Created 08-02-2024 02:46 PM
Hi ,
I haven been playing with nifi on docker lately and its been quite the challenge and the learning experience. To best understand how to utilize docker for nifi, Im hoping the community can help me with addressing the following observations\questions:
1- Most of the examples I found on the internet including the nifi official docker page seem to be suitable for single host deployment ! Im finding this is strange - unless Im missing something - but doesnt that defeat the purpose of having cluster with no single point of failure ? What are the the scenarios where someone wants to deploy single host multiple container cluster vs multiple host single container ?
2. Getting to understand docker networking I found that if I want to create multi host cluster and have the cluster to have visibility to our work network then the ideal way to do it is using "host" networking, is this correct or is there a better way (maybe using overlay networking with swarm? if I do that later then how Im going to access none docker servers on my network?

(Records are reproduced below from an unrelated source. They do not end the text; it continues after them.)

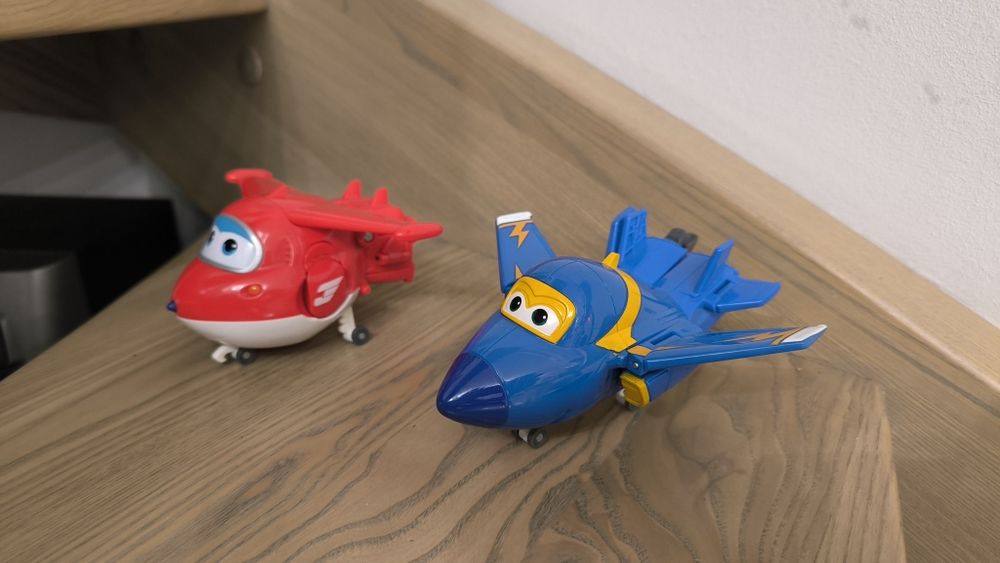 Super Wings Dżetek, Jett, Jerome, transformers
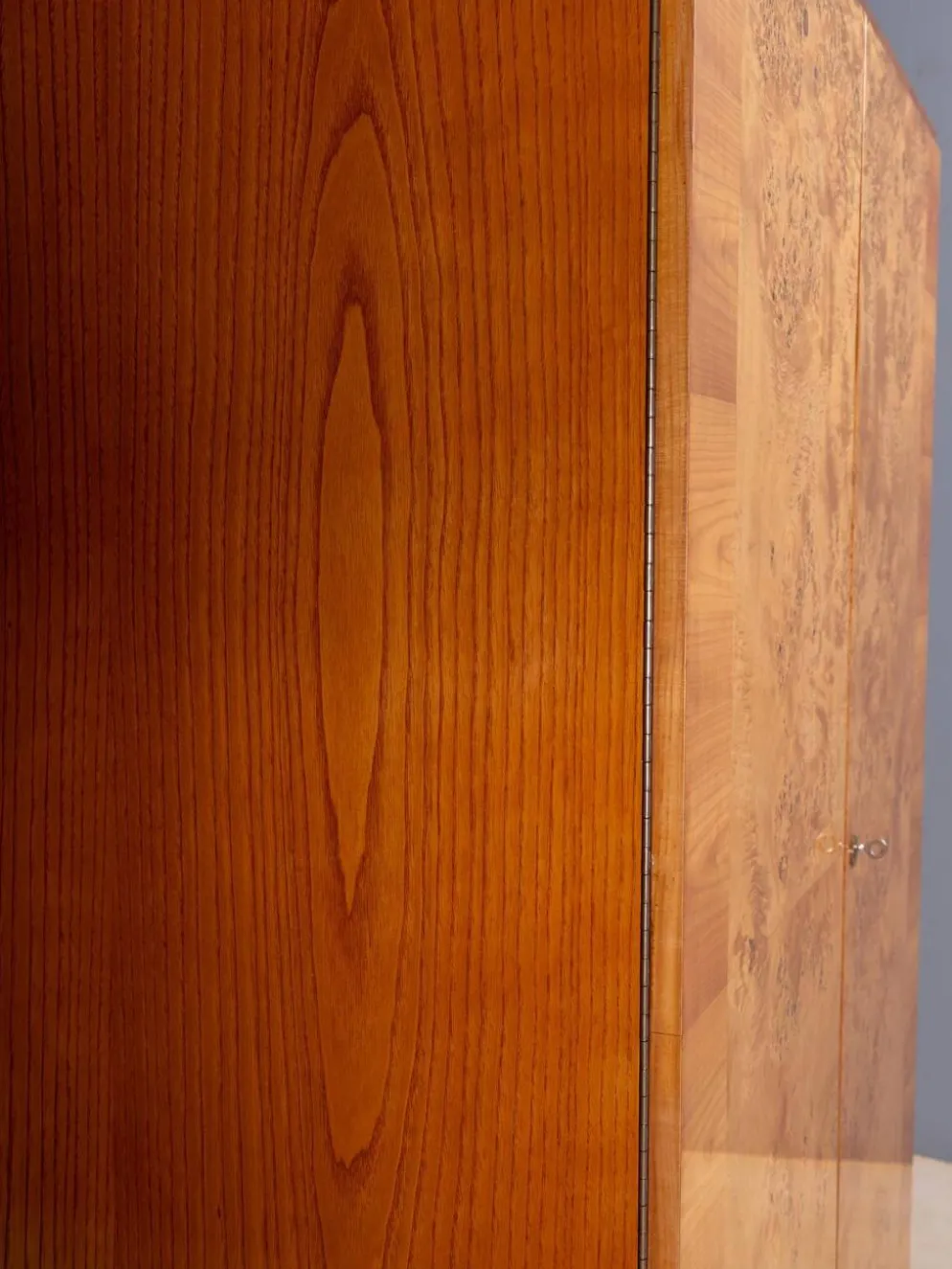 Armoire vintage du milieu du siècle, placage en bois de noyer, Tchécoslovaquie, 176 × 116 × 58 cm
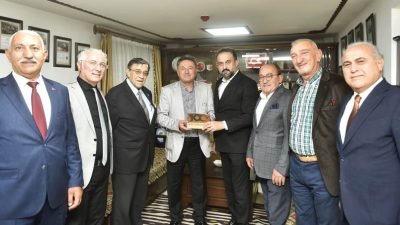 Ankara Kulübü Derneği  Genel Başkan Dr. Metin Özaslan, ziyarette bulunan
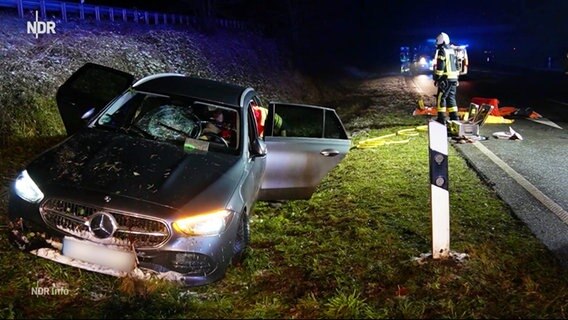 Ein Mercedes mit zerstörter Windschutzscheibe steht neben einer Straße. © Screenshot 
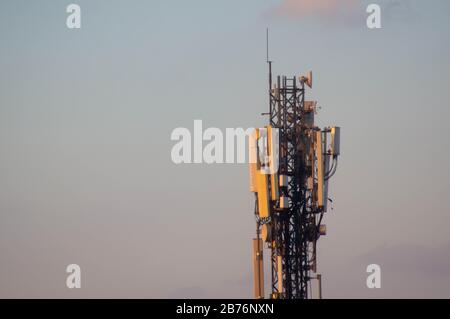 Jaipur, Indien, ca. 2020 - Foto eines Telefonturms inmitten einer Wohngegend. Der Turm besteht aus Metall und wird für Bo verwendet Stockfoto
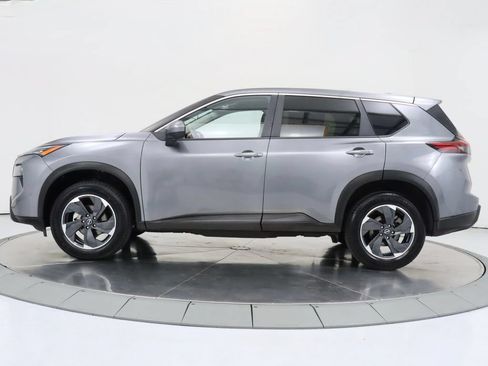 Used 2024 Nissan Rogue SV FWD image 2
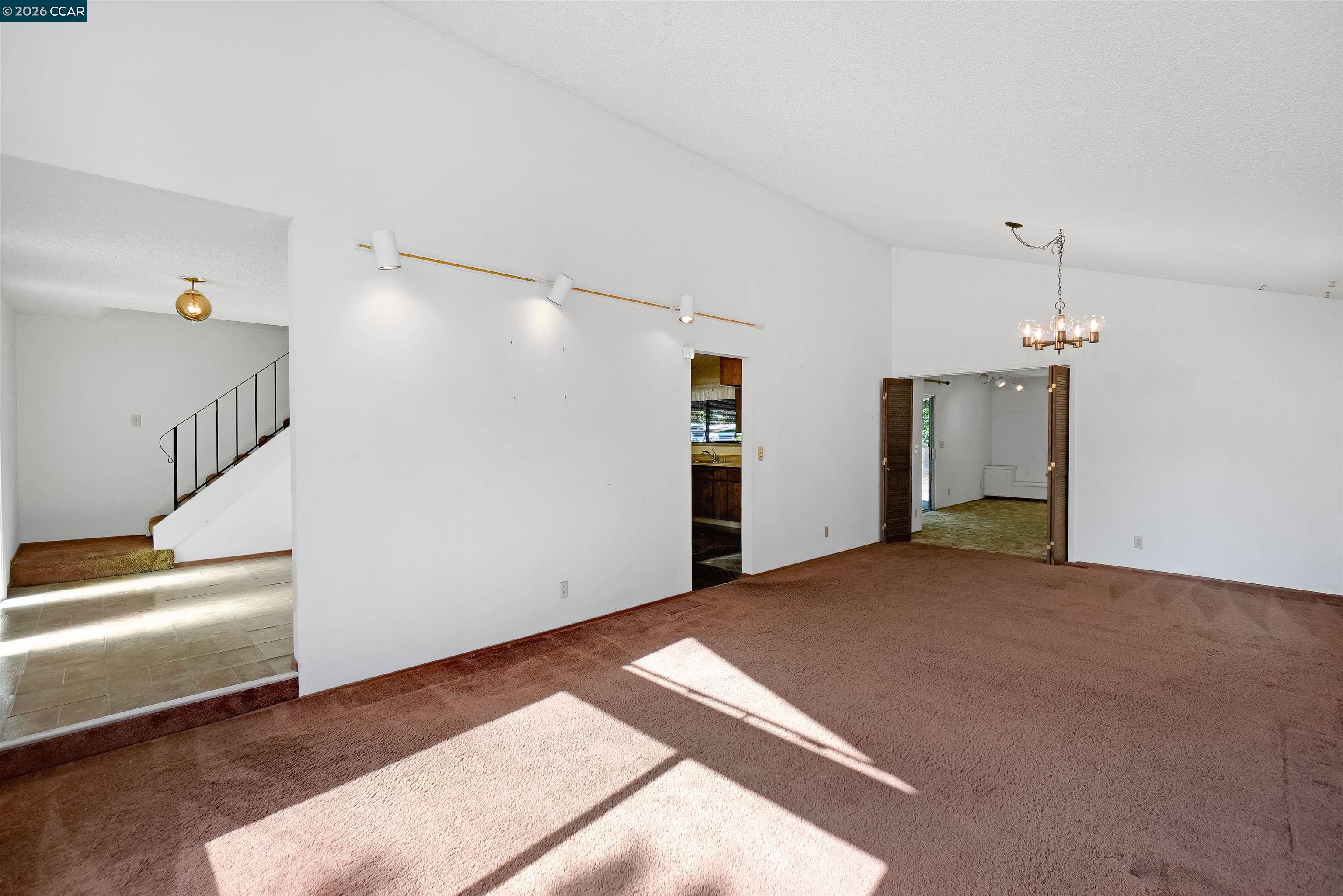 121 Violet Road Hercules, CA 94547 - Photo 15 of 81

3. If "host" networking is one of the options, then why the official nifi docker image doent mention how to see the https host name as one of the environment propeties similar to what we do locally by setting "" in the ? using other sites\images I found the property "NIFI_WEB_HTTPS_HOST" can be used fort that which works ! Is there another way of setting the host?
4. Initially I was trying to use embedded zookeeper setup but I found that it doesnt work no matter how hard I tried. I found a lot people recommending using external zookeeper which what I ended up doing. Actually it turns out there is Jira bug for the problem I was faciing but its not resolved despite its been open for couple years! Why is that and is it ever going to be fixed or the recommendation is to use external zookeeper? if so at least that should have been mentioned somewhere.
5. Are the environment variables listed in the official docker page cover everything or there is more? where we can find comprehensive list of all the environment properties? I can see for example this image seem to list more env properties.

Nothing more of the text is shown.